Wie heeft waar op gestemd en wat zijn dat voor mensen? De NOS dook in de cijfers en kwam met overzichtelijke trends en profielen, maar hebben ze het bij het juiste eind?
Nederland is versplinterd. In het jaar 1999 t/m 2007 was het qua Provinciale Statenverkiezingen nog hartstikke overzichtelijk. VVD in de Randstadsprovincies en meestal nét iets groter dan de PvdA, de PvdA was standaard de grootste in Drenthe en Groningen en het CDA besloeg verder alles met een weiland, kerk, beekje en een hooivork.
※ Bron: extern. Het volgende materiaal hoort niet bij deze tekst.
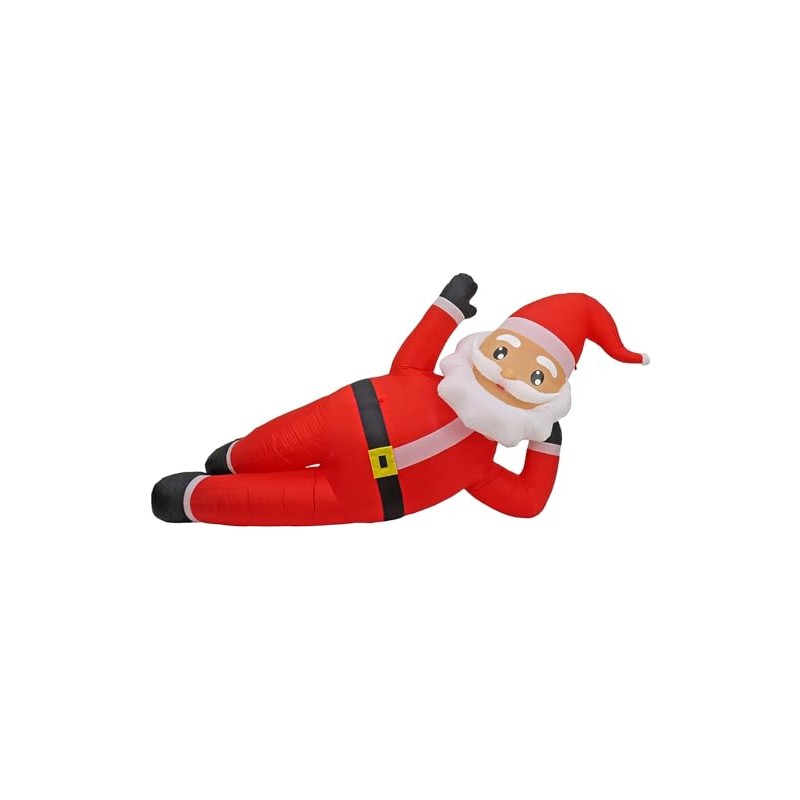National Tree Company First Traditions Inflatable Waving Cheeky Santa, Includes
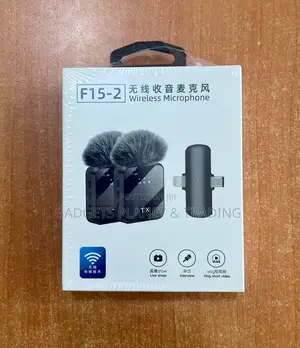 2 in 1 Wireless Lapel Microphone for iPhone Android- F15-2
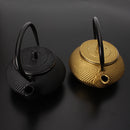 300ml Black/Gold Cast Iron Kettle Japanese Style Teapot with Strainer Tea Pot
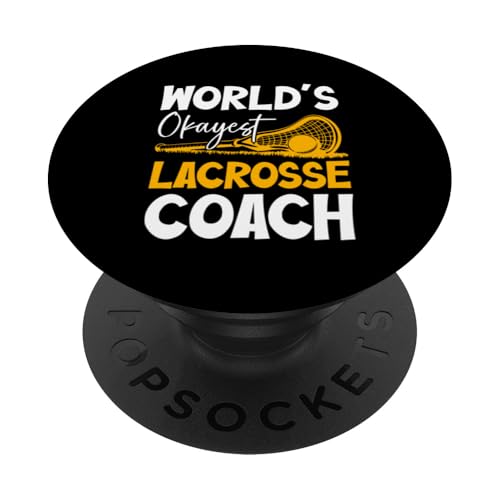 Lacrosse-Trainer Lacrosse Dad PopSockets Klebender PopGrip von Lacrosse Coach Gift for Coaches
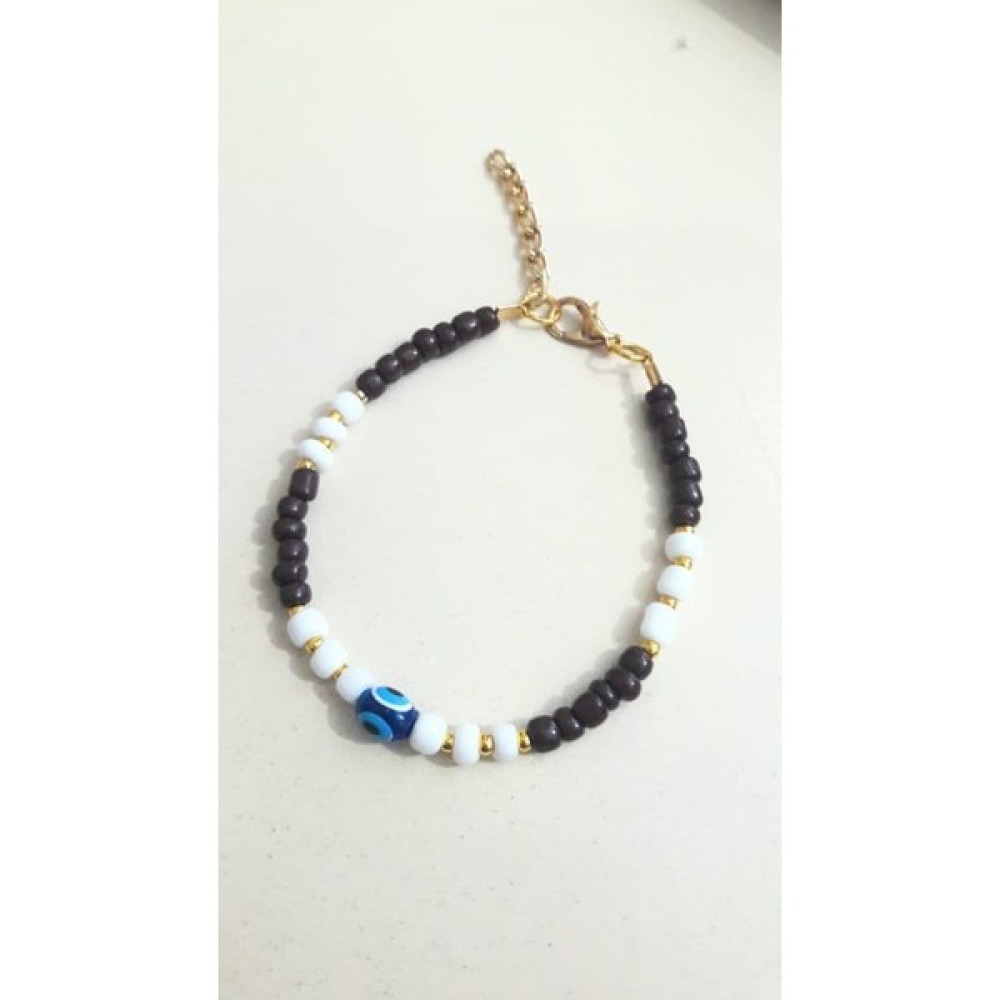 Fashion Jewelry Kahve-Beyaz Boncuklu Bileklik Saat ve Bileklik Aksesuarı Fiyatı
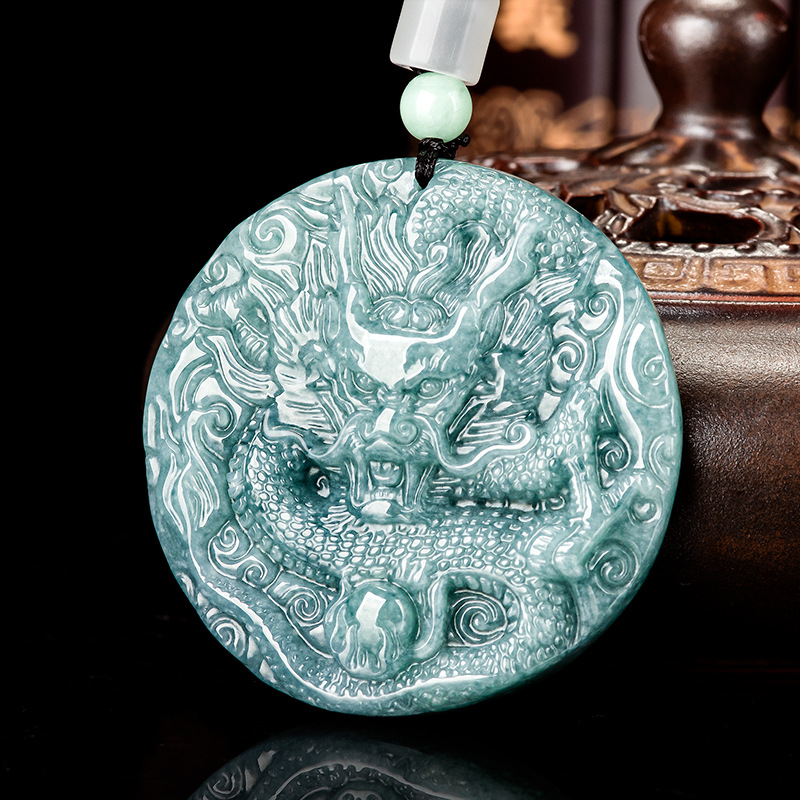 Jewelry & Watches Ltd - Kalung Liontin Naga Giok Burma Hadiah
Plots komt daar in 2011 de PVV om de hoek kijken in Limburg en vanaf daar begint het gedonder. In 2015 pakt de SP Groningen, Drenthe wordt VVD-blauw, CDA pakt Zeeland weer na wat geworstel met de VVD en hikt vooral in andere provincies tegen de VVD aan, maar legt het af. 2019 Is echter een compleet kleurenpalet geworden waar in eerste instantie geen peil op te trekken lijkt! Zoom je in, dan zie je waarom:
Partijen die traditioneel onder rechts worden geschaard, laten fragmentarisering zien: VVD, FVD, PVV, CDA en SGP vissen in elkaars vijver. Nu valt dat voor de SGP trouwens behoorlijk mee. VVD is naar links getrokken waardoor hun rechterflank kijkt naar alternatieven. Ook is de VVD met de opkomst van de PVV een deel van hun kiezers verloren aan Wilders. Ondanks de grote donkergroene vlakken is het CDA eigenlijk de andere vreemde eend in de bijt. Deze partij profiteert van een lage opkomst maar verliest ook al jaren de eigen achterban, niet zozeer aan andere partijen maar, hoe morbide dit ook lijkt, aan sterfte.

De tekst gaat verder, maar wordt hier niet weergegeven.